§ **WORK TASK**: Return all entries verbatim; skip any pictures.

Pictures with short captions
________________

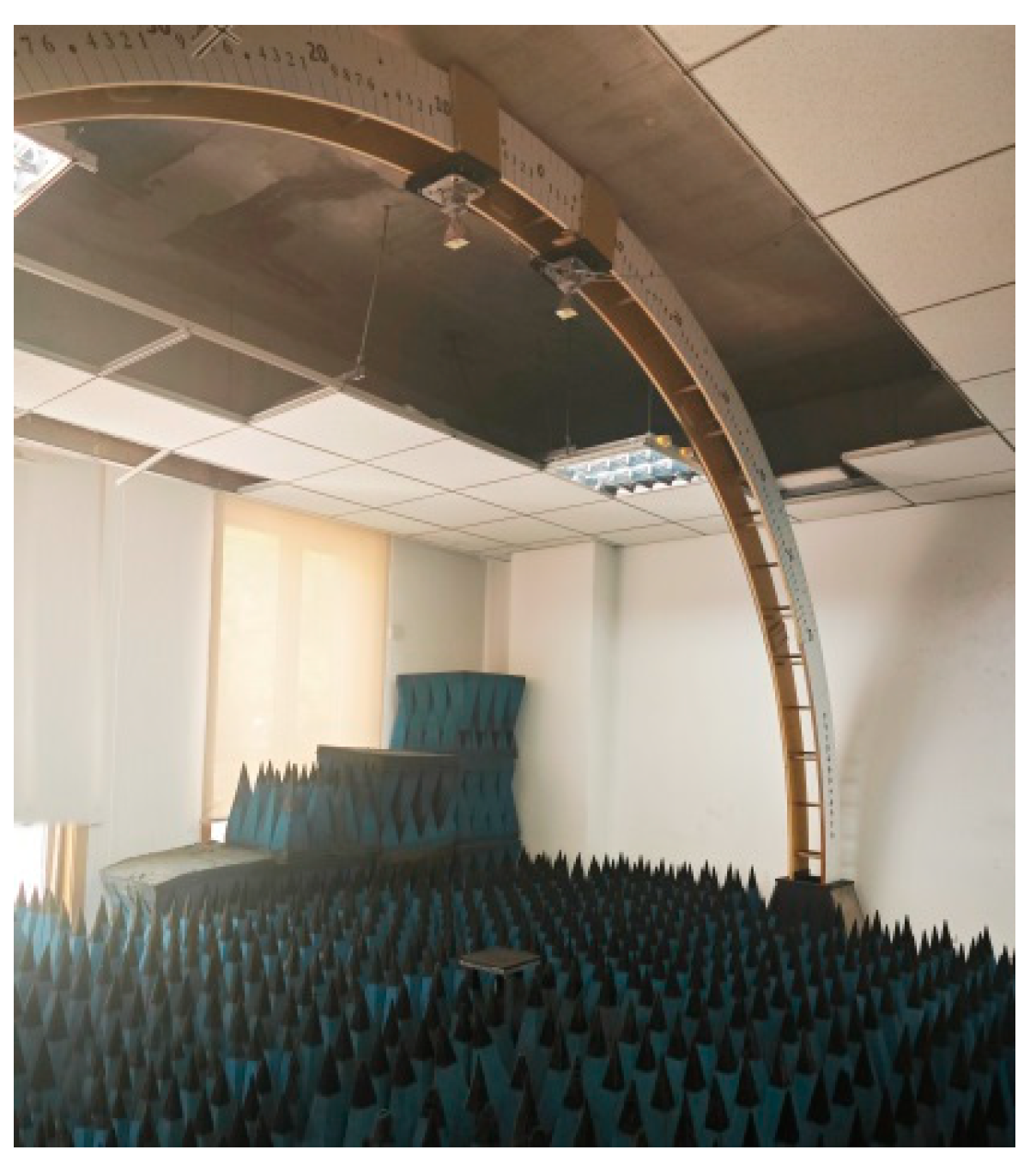 Polymers 16 02677 g003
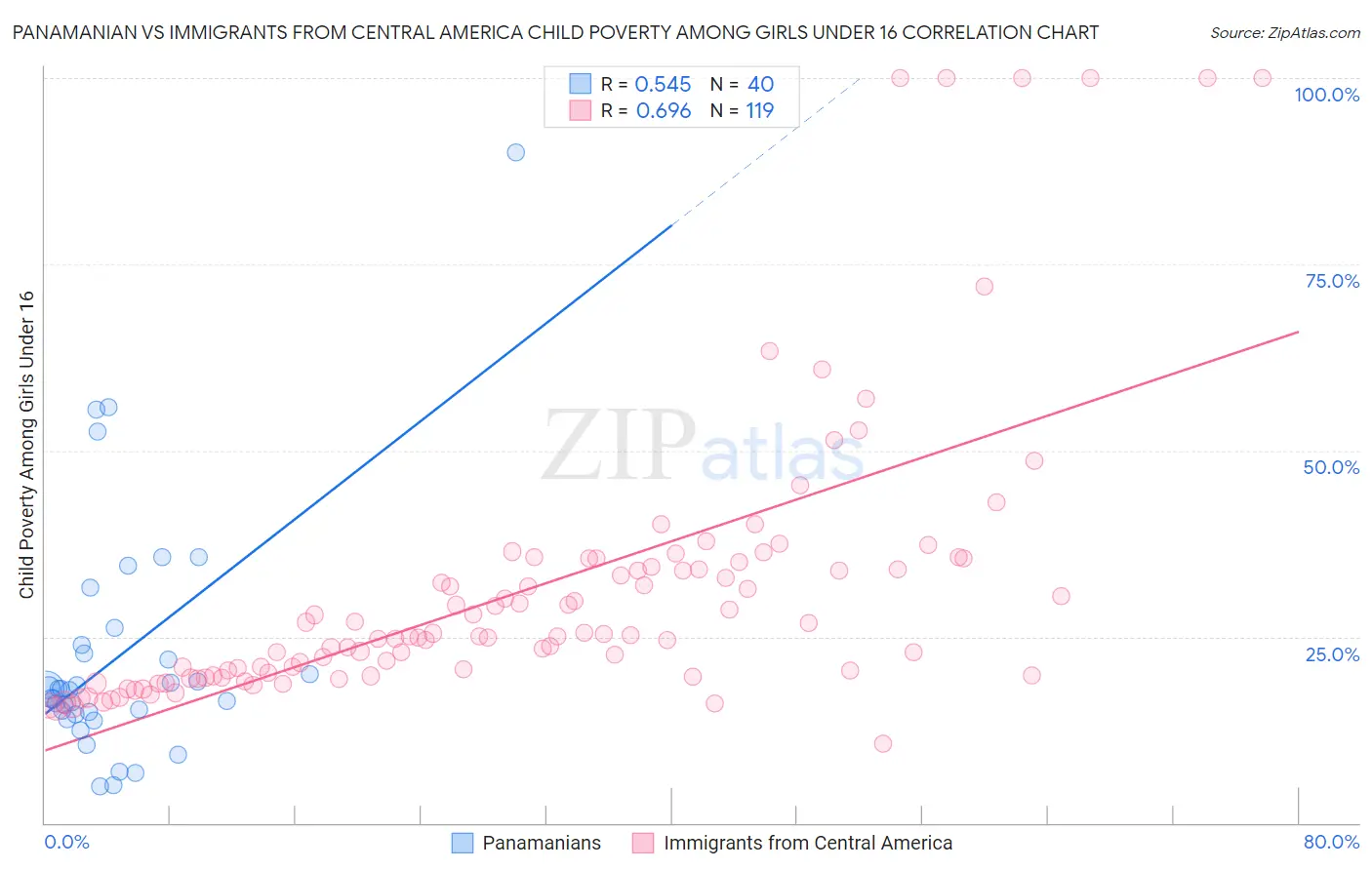 Panamanian vs Immigrants from Central America Child Poverty Among Girls Under 16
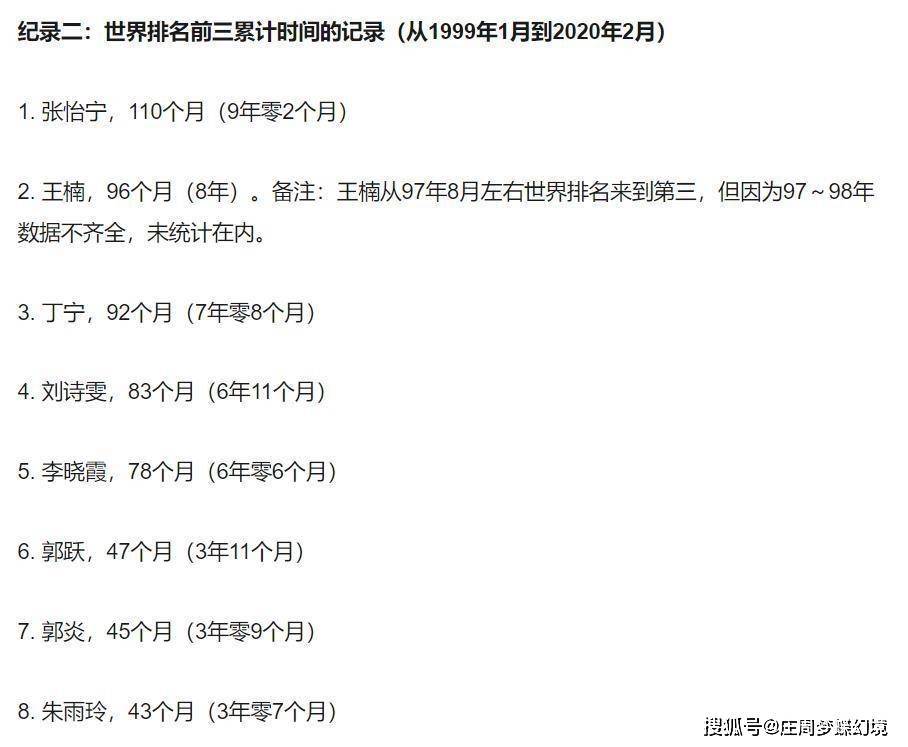 当年张怡宁嫁给富豪,上街买菜被指责寒酸,老公:开劳斯莱斯买菜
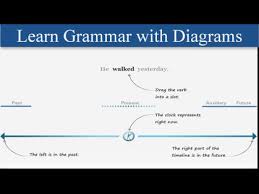 verb tense timeline learn grammar with diagrams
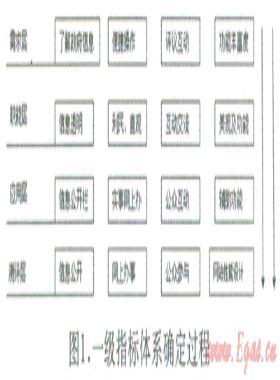基于大眾關注度的電子政務網站績效評估模型定制方法研究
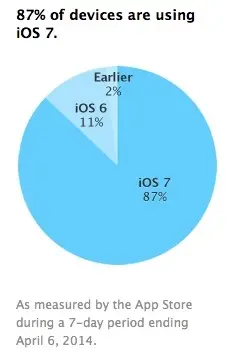 87% des iBidules sont sous iOS 7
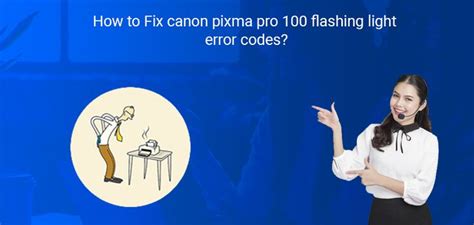Image result for Canon Camera Error Code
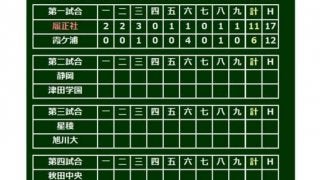 【高校野球】履正社、大会最多タイ5本塁打＆先発全員17安打で11点快勝！　霞ヶ浦は聖地初勝利ならず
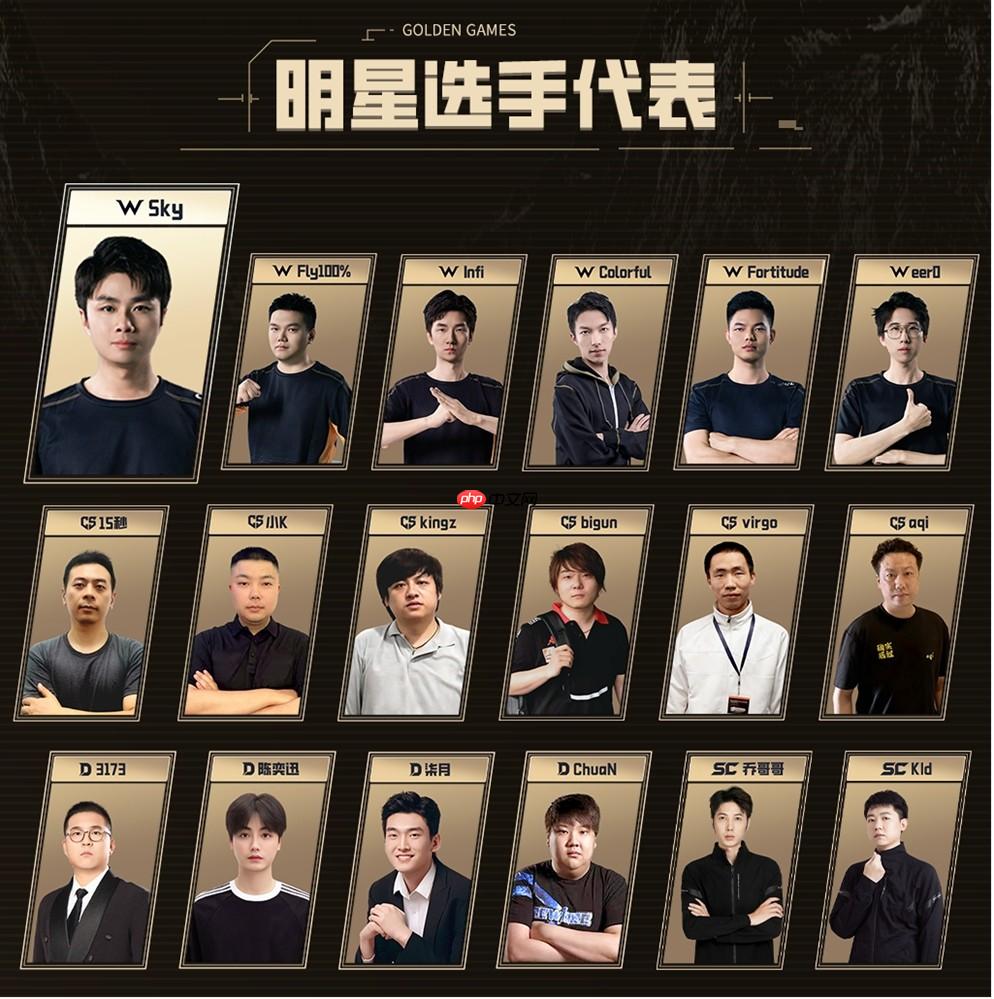 24位明星选手角逐!KK官方对战平台GG全能王正赛火热开战!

________________

§ **SOLUTION TO THIS TASK**:
 Polymers 16 02677 g003
 Panamanian vs Immigrants from Central America Child Poverty Among Girls Under 16
 当年张怡宁嫁给富豪,上街买菜被指责寒酸,老公:开劳斯莱斯买菜
 verb tense timeline learn grammar with diagrams
基于大眾關注度的電子政務網站績效評估模型定制方法研究
 87% des iBidules sont sous iOS 7
Image result for Canon Camera Error Code
 【高校野球】履正社、大会最多タイ5本塁打＆先発全員17安打で11点快勝！　霞ヶ浦は聖地初勝利ならず
 24位明星选手角逐!KK官方对战平台GG全能王正赛火热开战!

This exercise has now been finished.